On a rainy day in late November, Natalie was wheeled into the delivery room at Booth Memorial Hospital in East, groaning and tearing at the sheet on her gurney. The baby was crowning and the doctor didn’t have time to check her vital signs. “Push, girl!” he said. The young mother strained with all she had, and the baby came out into the doctor’s hands, who hoisted it up by the ankles and swiftly clamped and cut the umbilical cord. Gasping under the bright lights, the newborn looked around at the humans towering over him and tried to focus on the new world. Then, thankfully, he began to cry and kick, and his identity assumed the blank mental slate of a newborn human.

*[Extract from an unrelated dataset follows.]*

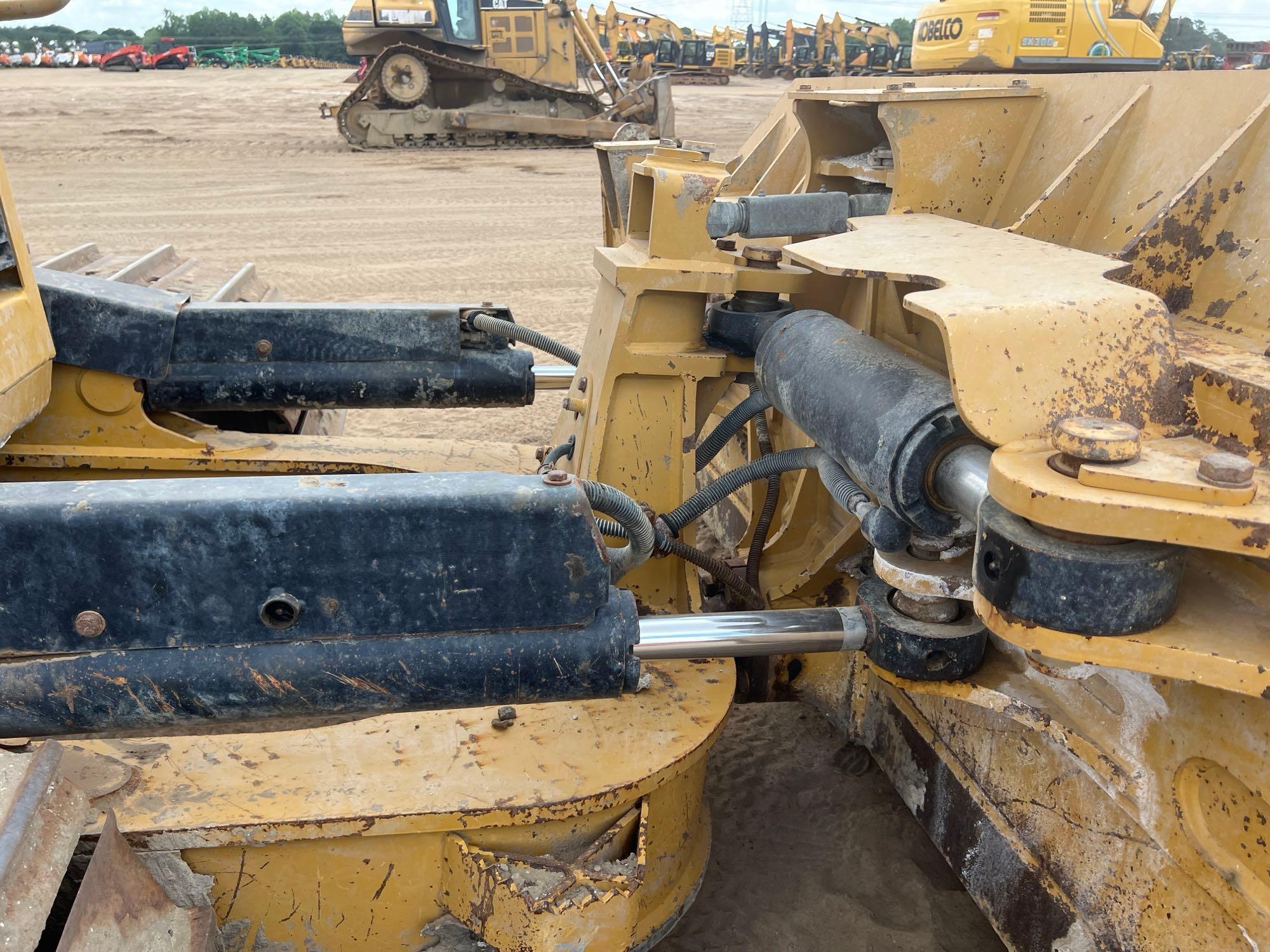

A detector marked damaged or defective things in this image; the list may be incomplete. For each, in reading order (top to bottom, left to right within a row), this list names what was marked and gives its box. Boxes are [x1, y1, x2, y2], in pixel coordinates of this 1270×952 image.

A special feeling had come over Natalie during her final contractions. The nurse instinctively took the tiny being from the doctor to let the new mother hold it. Something had come over everyone; even the doctor stopped and stared. “You can’t have him,” Natalie cried. She had had a change of heart. “I want my baby! He’s mine, agh!!”
“It’s a boy!” the doctor pronounced with pride.
Natalie squeezed the baby hard against her breasts until his cries stopped and he almost suffocated. The nurse and doctor had to pry him away from her and suction his airway to get him breathing again, but he was fine and was soon wailing shrilly. She named him Bradley, after the charming boy who had knocked her up on a one-night stand in the back of a Ford station wagon on Malibu Beach.